Each His Own Cross (Part 1) by AW Tozer

Those who belong to Christ Jesus have crucified the sinful nature with its passions and desires. Galatians 5:24

AN EARNEST CHRISTIAN WOMAN sought help from Henry Suso concerning her spiritual life. She had been imposing rigid austerities upon herself in an effort to feel the sufferings that Christ had felt on the cross. Things weren’t going so well with her and Suso knew why.

The old saint wrote his spiritual daughter and reminded her that our Lord had not: said, “If any man will come after me, let him deny himself, and take up my cross, and follow me.” He had said, “Let him . . · take up his cross.” There is a difference of only one small pronoun; but that difference is vast and important .

Crosses are all alike, but no two are identical. Never before nor since has there been a cross-experience just like that endured by the Savior. The whole dreadful work of dying which Christ suffered was something unique in the experience of mankind. It had to be so if the cross was to mean life for the world. The sin-bearing, the darkness, the rejection by the Father were agonies peculiar to the person of the holy sacrifice. To claim any experience remotely like that of Christ would be more than an error; it would be sacrilege.

Every cross was and is an instrument of death, but no man could die on the cross of another; each man died on his own cross; hence Jesus said, “Let him take up his cross, and follow me.”

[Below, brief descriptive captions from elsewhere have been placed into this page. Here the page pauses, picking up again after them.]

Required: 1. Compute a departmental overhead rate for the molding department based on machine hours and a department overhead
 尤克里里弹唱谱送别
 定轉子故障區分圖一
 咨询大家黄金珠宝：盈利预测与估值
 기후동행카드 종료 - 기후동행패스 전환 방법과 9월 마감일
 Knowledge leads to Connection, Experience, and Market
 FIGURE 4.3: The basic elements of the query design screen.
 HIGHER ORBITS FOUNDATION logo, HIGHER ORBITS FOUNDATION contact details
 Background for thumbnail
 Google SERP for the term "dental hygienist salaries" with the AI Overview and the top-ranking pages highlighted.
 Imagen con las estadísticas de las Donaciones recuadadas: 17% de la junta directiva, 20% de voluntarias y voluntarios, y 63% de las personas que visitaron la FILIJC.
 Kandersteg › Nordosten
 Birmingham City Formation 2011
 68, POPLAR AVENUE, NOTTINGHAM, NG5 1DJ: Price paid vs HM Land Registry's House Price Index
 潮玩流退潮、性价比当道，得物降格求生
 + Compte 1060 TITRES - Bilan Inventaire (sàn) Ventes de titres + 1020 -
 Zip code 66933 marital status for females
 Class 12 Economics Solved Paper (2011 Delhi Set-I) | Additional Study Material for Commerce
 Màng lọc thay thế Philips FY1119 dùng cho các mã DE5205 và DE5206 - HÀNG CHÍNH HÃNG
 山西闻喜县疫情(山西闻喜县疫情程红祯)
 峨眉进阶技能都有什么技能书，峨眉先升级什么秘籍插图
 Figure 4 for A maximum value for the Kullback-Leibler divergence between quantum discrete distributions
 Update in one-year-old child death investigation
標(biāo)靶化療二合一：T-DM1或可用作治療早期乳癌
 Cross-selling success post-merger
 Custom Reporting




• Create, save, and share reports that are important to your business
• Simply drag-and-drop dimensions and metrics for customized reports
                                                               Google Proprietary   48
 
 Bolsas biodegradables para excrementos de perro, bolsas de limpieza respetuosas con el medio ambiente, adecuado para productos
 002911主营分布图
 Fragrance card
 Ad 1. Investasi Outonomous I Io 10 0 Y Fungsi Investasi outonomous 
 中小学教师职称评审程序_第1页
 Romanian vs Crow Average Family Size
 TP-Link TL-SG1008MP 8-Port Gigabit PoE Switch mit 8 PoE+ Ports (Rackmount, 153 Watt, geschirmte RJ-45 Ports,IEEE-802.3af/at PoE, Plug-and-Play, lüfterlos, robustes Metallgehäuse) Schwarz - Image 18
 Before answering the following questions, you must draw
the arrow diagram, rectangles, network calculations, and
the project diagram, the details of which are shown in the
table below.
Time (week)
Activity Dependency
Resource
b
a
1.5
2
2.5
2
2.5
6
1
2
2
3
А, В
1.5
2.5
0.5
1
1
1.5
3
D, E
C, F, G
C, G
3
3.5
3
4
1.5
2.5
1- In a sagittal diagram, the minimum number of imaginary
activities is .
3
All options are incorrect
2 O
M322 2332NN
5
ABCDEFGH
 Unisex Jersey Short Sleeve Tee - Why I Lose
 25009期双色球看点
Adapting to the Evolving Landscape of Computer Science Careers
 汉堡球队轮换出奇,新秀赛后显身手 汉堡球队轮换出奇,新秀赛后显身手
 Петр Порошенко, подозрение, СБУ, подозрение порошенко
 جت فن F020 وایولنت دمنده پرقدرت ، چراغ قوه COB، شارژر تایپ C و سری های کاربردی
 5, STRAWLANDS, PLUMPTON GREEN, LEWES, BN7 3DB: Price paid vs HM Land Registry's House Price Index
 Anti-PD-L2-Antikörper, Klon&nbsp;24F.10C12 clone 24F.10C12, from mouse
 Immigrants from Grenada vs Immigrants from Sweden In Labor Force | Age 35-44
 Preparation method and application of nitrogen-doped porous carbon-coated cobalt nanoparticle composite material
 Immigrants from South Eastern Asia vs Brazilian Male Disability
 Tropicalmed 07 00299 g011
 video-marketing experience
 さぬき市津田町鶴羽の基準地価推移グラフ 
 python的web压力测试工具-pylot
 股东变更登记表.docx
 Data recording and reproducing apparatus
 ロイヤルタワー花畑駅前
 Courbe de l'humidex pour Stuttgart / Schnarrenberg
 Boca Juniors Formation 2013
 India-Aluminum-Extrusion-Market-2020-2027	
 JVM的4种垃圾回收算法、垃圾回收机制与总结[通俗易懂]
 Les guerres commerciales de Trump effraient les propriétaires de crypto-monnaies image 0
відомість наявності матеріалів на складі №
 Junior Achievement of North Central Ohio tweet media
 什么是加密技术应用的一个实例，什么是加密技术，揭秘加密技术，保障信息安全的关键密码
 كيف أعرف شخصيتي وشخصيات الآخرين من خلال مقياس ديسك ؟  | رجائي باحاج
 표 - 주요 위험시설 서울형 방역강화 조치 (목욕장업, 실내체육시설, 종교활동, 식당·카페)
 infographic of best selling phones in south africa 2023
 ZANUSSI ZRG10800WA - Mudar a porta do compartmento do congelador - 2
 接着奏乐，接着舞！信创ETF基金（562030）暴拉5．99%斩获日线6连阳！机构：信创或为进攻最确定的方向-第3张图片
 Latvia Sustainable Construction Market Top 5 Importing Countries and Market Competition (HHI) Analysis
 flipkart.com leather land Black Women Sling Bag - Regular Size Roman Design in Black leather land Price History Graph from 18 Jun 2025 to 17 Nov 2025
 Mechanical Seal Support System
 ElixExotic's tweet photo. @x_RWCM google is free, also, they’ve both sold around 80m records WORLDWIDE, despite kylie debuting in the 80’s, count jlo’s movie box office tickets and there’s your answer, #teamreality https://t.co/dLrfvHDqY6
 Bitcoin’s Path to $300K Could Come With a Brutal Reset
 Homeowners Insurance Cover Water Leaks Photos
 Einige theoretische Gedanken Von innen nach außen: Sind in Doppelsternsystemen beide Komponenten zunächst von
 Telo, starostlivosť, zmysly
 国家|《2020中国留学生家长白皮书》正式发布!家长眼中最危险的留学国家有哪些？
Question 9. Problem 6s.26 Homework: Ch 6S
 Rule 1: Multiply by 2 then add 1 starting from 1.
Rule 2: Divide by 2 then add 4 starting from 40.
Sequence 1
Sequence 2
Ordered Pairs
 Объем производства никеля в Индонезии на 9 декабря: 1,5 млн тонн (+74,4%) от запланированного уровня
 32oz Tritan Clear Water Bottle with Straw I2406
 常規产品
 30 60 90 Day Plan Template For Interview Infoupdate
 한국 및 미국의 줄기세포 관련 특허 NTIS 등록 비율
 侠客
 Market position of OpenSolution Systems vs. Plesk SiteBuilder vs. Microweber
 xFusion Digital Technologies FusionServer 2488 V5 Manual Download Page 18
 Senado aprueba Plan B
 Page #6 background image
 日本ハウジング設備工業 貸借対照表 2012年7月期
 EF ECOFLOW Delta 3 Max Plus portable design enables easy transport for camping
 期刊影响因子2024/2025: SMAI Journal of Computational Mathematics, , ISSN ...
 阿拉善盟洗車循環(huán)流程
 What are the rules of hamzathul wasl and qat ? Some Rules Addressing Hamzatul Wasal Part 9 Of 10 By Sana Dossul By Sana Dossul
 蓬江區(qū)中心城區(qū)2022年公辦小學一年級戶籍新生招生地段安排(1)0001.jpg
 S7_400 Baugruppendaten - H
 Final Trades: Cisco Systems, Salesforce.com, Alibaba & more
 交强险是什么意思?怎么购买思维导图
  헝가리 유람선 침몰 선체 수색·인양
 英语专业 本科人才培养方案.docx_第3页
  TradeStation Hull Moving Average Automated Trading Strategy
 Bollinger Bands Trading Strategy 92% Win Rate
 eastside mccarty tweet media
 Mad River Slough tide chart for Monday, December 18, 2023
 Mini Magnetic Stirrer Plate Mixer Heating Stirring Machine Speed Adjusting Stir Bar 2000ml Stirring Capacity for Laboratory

Now there is a real sense in which the cross of Christ embraces all crosses and the death of Christ encompasses all deaths: “We are convinced that one died for all, and therefore all died” (2 Corinthians 5:14); “I have been crucified with Christ” (Galatians 2:20); “the cross of our Lord Jesus Christ, through which the world has been crucified to me, and I to the world” (6:14). This is in the judicial working of God in redemption. The Christian as a member of the body of Christ is crucified along with his divine Head. Before God every true believer is reckoned to have died when Christ died. All subsequent experience of personal crucifixion is based upon this identification with Christ on the cross.